Australia’s east coast summer flat spell was broken with gusto yesterday. A 12-second 10-foot south swell peaked around lunchtime and big-wave spots like Voodoo were 15 feet and unrideable. One session getting plenty of talk is that of Maroubra surfers Lucas “Boo” Street and Jessie Pollock at Bare Island in Botany Bay. “Boo” pulled into a 12-footer that closed and he hit the bottom on his back. What makes this alarming is that this is at a wave sitting alongside the shipping lanes that steer in tankers of cargo. When Stab asked how deep it was, “It’s hard to tell how deep you go but it felt like a pretty long way down.”

One place that handled the swell in a prettier fashion was the Central Coast’s Box Head. At around 6pm last night, the main peak was three-to-four feet and rifling down a perfect sandbank. Along for the ride were 80-plus surfers. Among them was some talent. Most of the Narrabeen pack (Nathan Webster, Brett Bannister, Joel Fitz) were out there along with some of the best surfers from the Central Coast including Ace Buchan. When Stab showed, local surfer Glenn “Micro” Hall was getting the pick of them. We called him this morning during his break from work with the local surf school to report on the day when it was as good as he’s ever seen it…

Stab: Yesterday afternoon there were fantastic waves but there were crowds you normally associate with the Superbank.

Micro: Yeah I was relating it to the Superbank as well. It’s a bummer cause you surf Snapper and whatever and you expect it to be crowded but when you surf the Box you don’t expect anything near that, there were some bloody good waves out there though.
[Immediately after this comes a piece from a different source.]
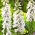Foxglove - ดอกสีขาว; สุนัขจิ้งจอกสีขาวที่พบบ่อย, สุนัขจิ้งจอกสีม่วง, ถุงมือของผู้หญิง - 1800 เมล็ด - Digitalis purpurea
I didn’t count up or anything but there would have been at least 80 guys, I reckon. There’s only a short little take off area (out the back) but it was just silly ’cause there were a lot of guys out there who had no idea what they were doing and the Box is that long, it’s all spread out, you don’t even have to see each other. I surfed right through to surf home and there was this whole inside section that was so much fun and there wasn’t one person out. Half the guys out the back couldn’t make the take off and they’re trying to fuck around out there. If they had a known what they were doing they could have had the best surf of their lives.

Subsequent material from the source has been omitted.